------ Source material ------
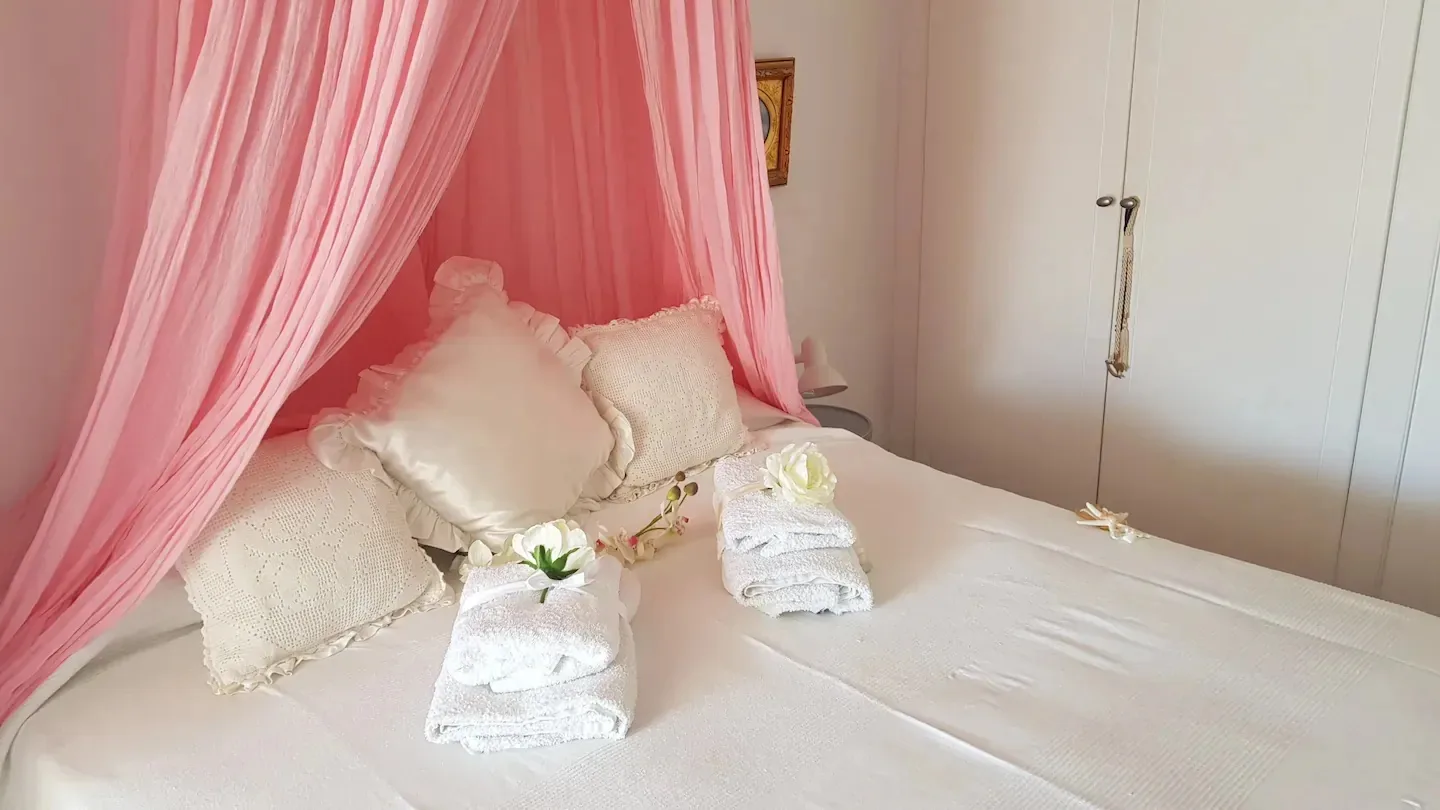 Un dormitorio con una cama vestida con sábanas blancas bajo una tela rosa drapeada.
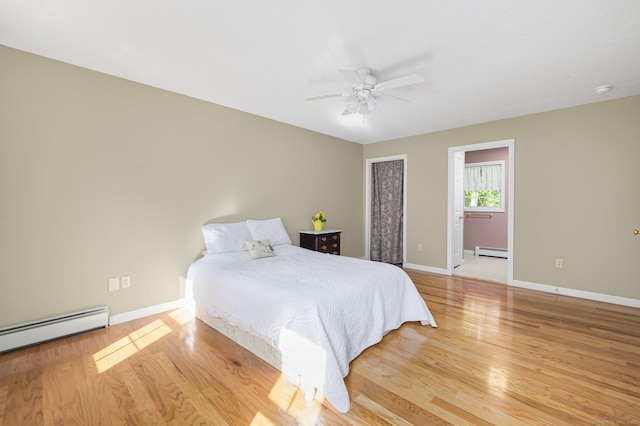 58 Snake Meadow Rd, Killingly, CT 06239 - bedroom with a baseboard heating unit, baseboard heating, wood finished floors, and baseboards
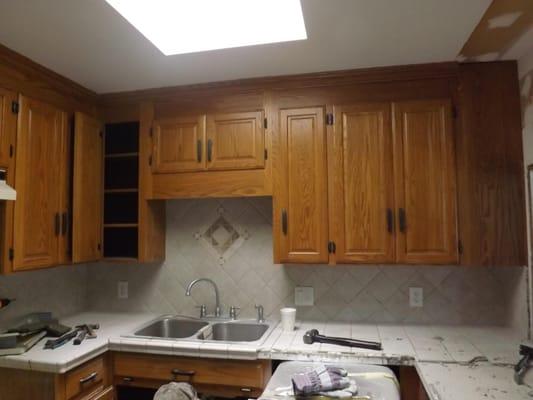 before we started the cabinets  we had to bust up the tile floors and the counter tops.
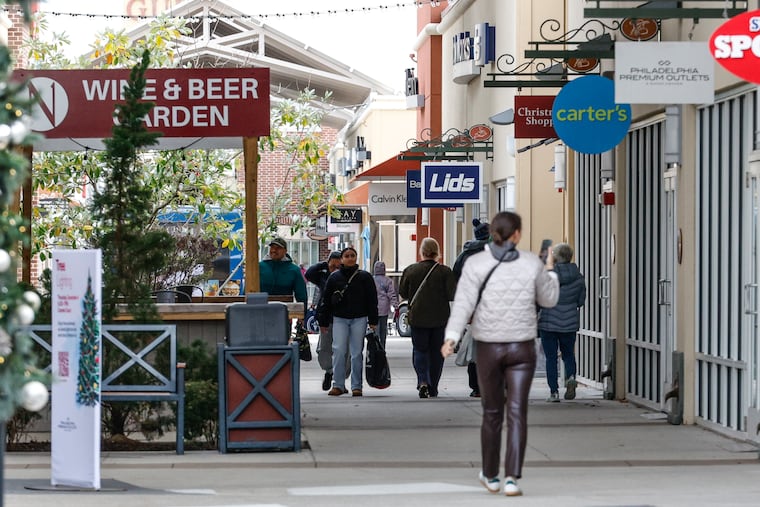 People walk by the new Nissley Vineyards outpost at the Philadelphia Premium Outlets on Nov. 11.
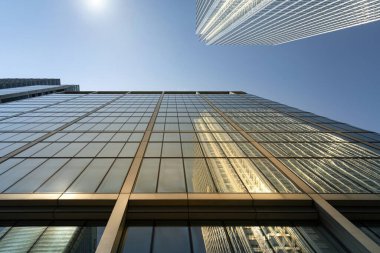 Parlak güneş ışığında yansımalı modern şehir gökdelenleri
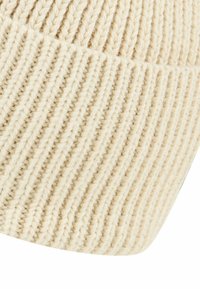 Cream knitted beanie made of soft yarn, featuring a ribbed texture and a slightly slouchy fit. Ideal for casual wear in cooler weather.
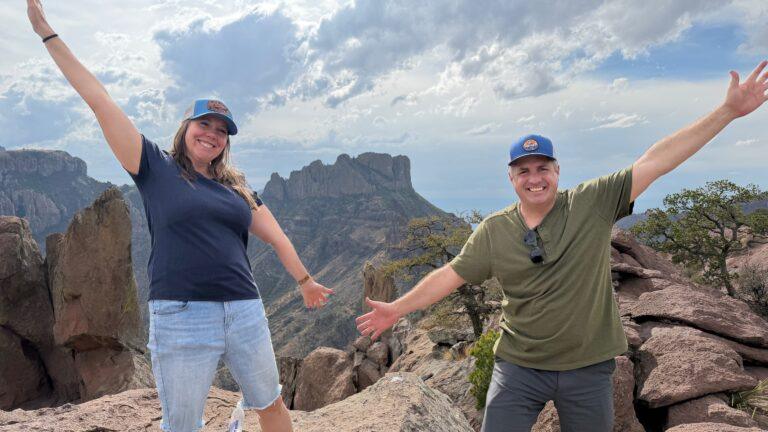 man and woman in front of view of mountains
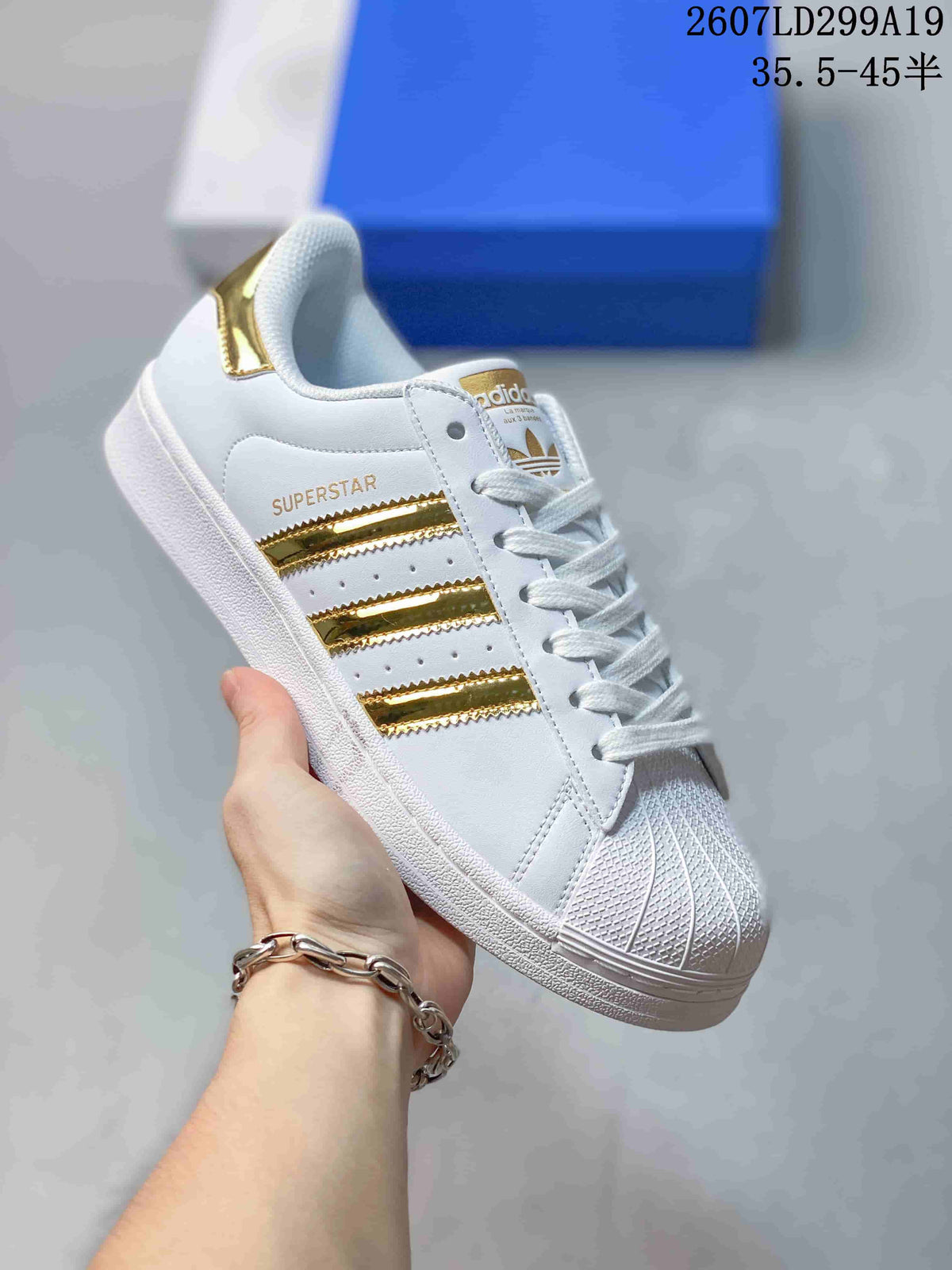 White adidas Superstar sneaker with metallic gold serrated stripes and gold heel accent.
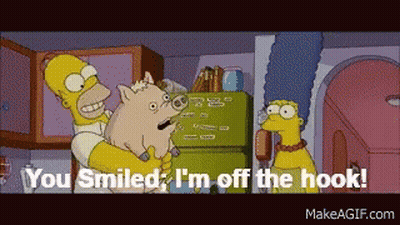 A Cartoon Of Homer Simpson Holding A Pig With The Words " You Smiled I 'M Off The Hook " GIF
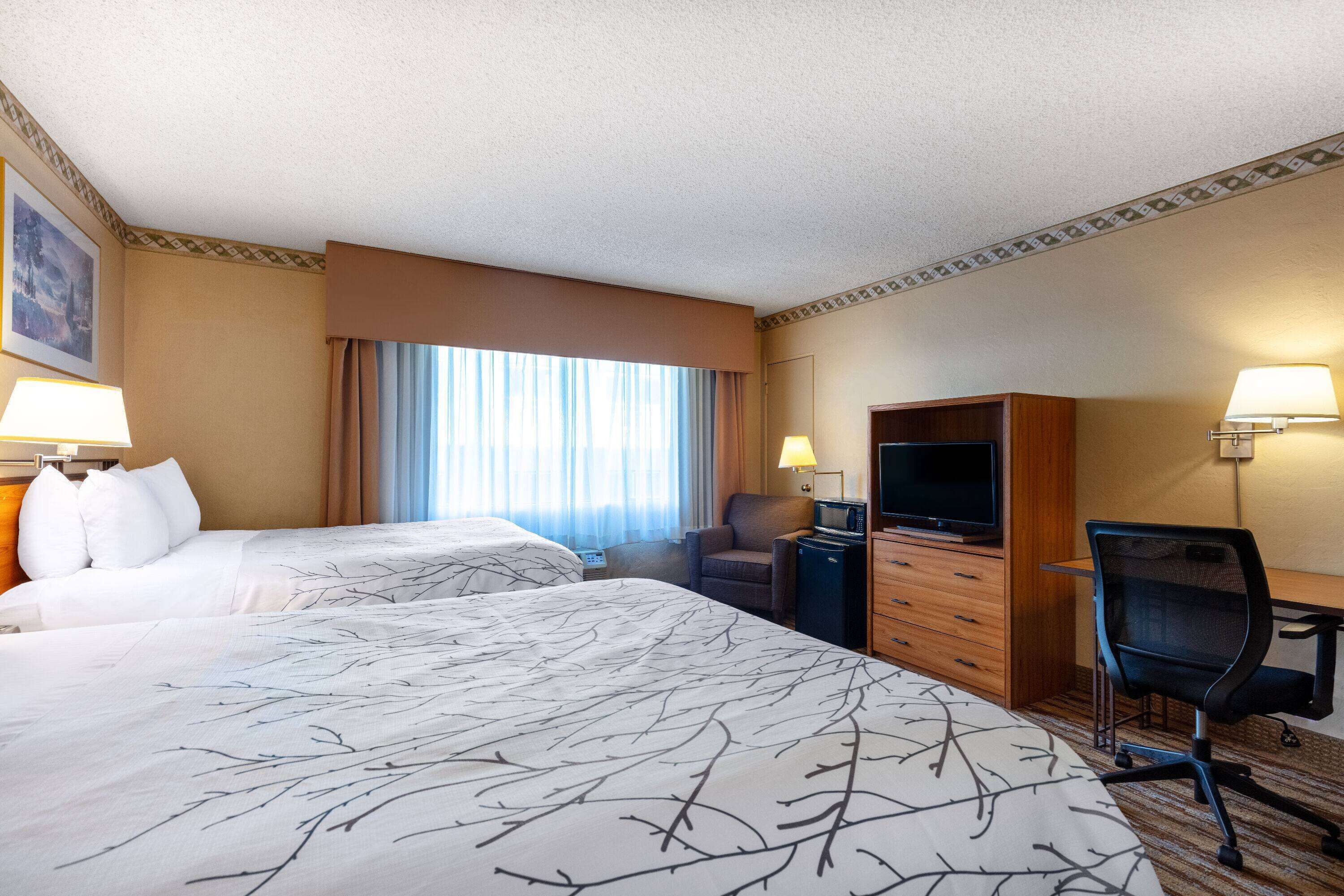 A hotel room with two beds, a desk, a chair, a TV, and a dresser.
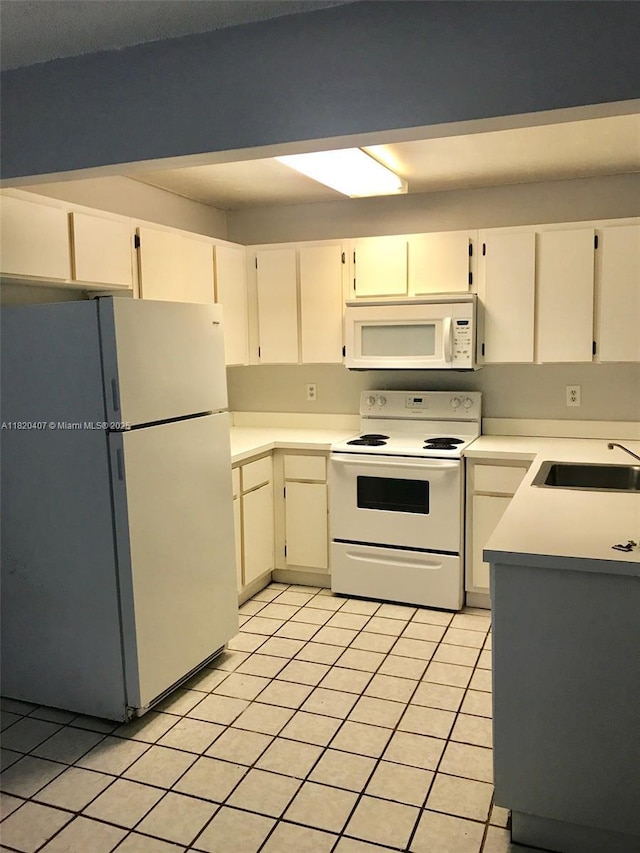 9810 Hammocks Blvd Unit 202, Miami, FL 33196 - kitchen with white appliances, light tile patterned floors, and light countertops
------
▸ **Task goal**
Keep the pictures out, and write out the rest of the data above word for word.

▸ **Answer to the problem**
 Un dormitorio con una cama vestida con sábanas blancas bajo una tela rosa drapeada.
 58 Snake Meadow Rd, Killingly, CT 06239 - bedroom with a baseboard heating unit, baseboard heating, wood finished floors, and baseboards
 before we started the cabinets  we had to bust up the tile floors and the counter tops.
 People walk by the new Nissley Vineyards outpost at the Philadelphia Premium Outlets on Nov. 11.
 Parlak güneş ışığında yansımalı modern şehir gökdelenleri
 Cream knitted beanie made of soft yarn, featuring a ribbed texture and a slightly slouchy fit. Ideal for casual wear in cooler weather.
 man and woman in front of view of mountains
 White adidas Superstar sneaker with metallic gold serrated stripes and gold heel accent.
 A Cartoon Of Homer Simpson Holding A Pig With The Words " You Smiled I 'M Off The Hook " GIF
 A hotel room with two beds, a desk, a chair, a TV, and a dresser.
 9810 Hammocks Blvd Unit 202, Miami, FL 33196 - kitchen with white appliances, light tile patterned floors, and light countertops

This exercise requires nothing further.